A motion for summary judgment should be granted "if the movant shows that there is no genuine dispute as to any material fact and the movant is entitled to judgment as a matter of law." Fed.R.Civ.P. 56(a). "[A] material fact is `genuine' ... if the evidence is such that a reasonable jury could return a verdict for the nonmoving party" on an element of the claim. Anderson v. Liberty Lobby, Inc., 477 U.S. 242, 248, 106 S.Ct. 2505, 91 L.Ed.2d 202 (1986). When ruling on a motion for summary judgment, the Court must view the evidence in the light most favorable to the nonmoving party. Holcomb v. Powell, 433 F.3d 889, 895 (D.C.Cir.2006) (citing Reeves v. Sanderson Plumbing Prods., 530 U.S. 133, 150, 120 S.Ct. 2097, 147 L.Ed.2d 105 (2000)). If the Court concludes that "the nonmoving party has failed to make a sufficient showing on an essential element of its case with respect to which it has the burden of proof," then the moving party is entitled to summary judgment.

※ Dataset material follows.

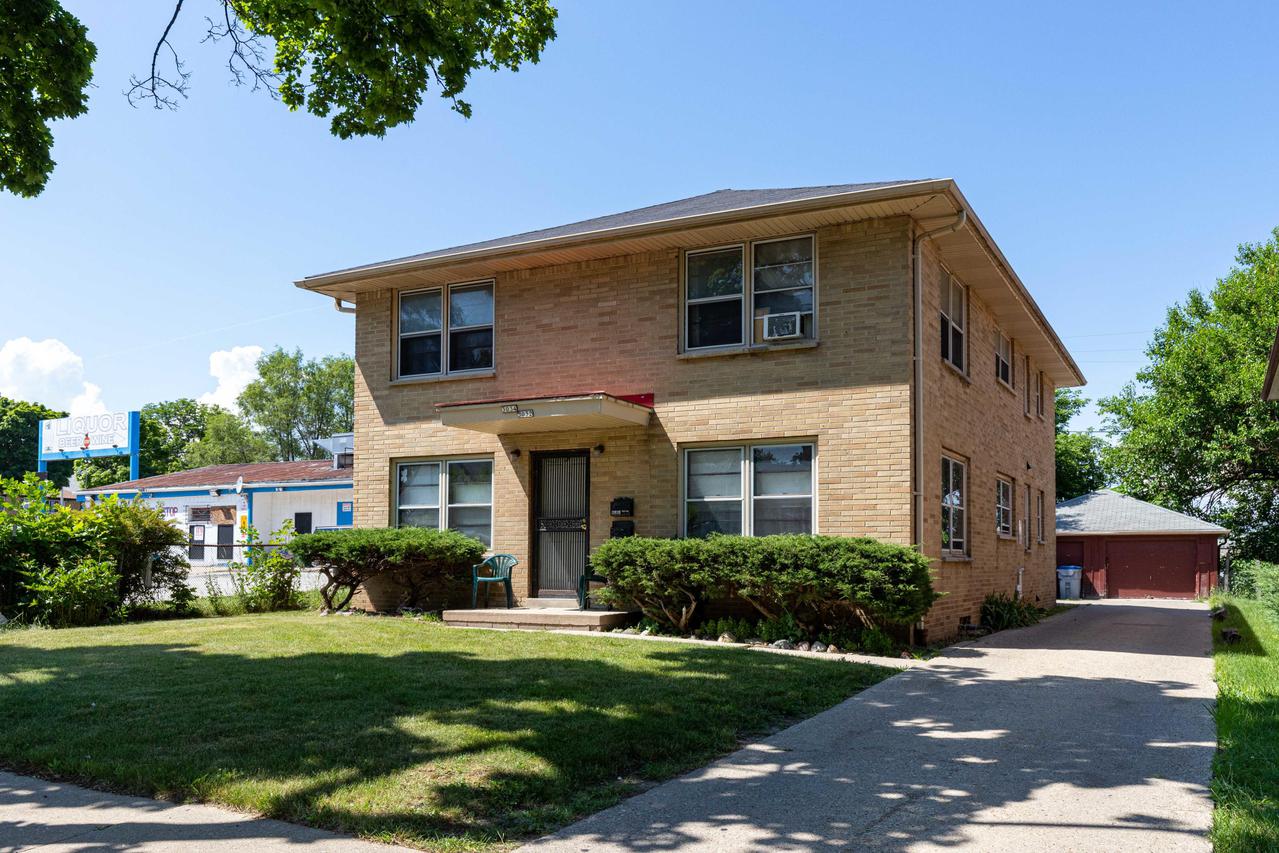 3032-3034 W Bobolink Ave., Milwaukee, WI 53209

Celotex Corp. v. Catrett, 477 U.S. 317, 317-18, 106 S.Ct. 2548, 91 L.Ed.2d 265 (1986).
Under the IDEA, a federal district court has the authority to "award reasonable attorneys' fees as part of the costs to a prevailing party who is the parent of a child with a disability." 20 U.S.C. § 1415(i)(3)(B)(i). "A court's determination of the appropriate attorney's fees... is based on a two-step inquiry." Jackson v. Dist. of Columbia, 696 F.Supp.2d 97, 101 (D.D.C.2010). Initially, in a case in
Importantly, the plaintiff bears the burden of demonstrating that both the hourly rate and the number of hours spent on particular tasks are reasonable. In re North, 59 F.3d 184, 189 (D.C.Cir.1995). A plaintiff can show that an hourly rate is reasonable by "submit[ting] evidence on at least three fronts: `the attorneys' billing practices; the attorneys' skill, experience, and reputation; and the prevailing market rates in the relevant community.'" Jackson, 696 F.Supp.2d at 101 (quoting Covington v. Dist. of Columbia, 57 F.3d 1101, 1107 (D.C.Cir.1995)). Finally, a plaintiff can establish the reasonableness of the hours spent on a matter by submitting an invoice that is "sufficiently detailed to permit the District Court to make an independent determination [of] whether or not the hours claimed are justified." Nat'l Ass'n of Concerned Veterans, 675 F.2d at 1327.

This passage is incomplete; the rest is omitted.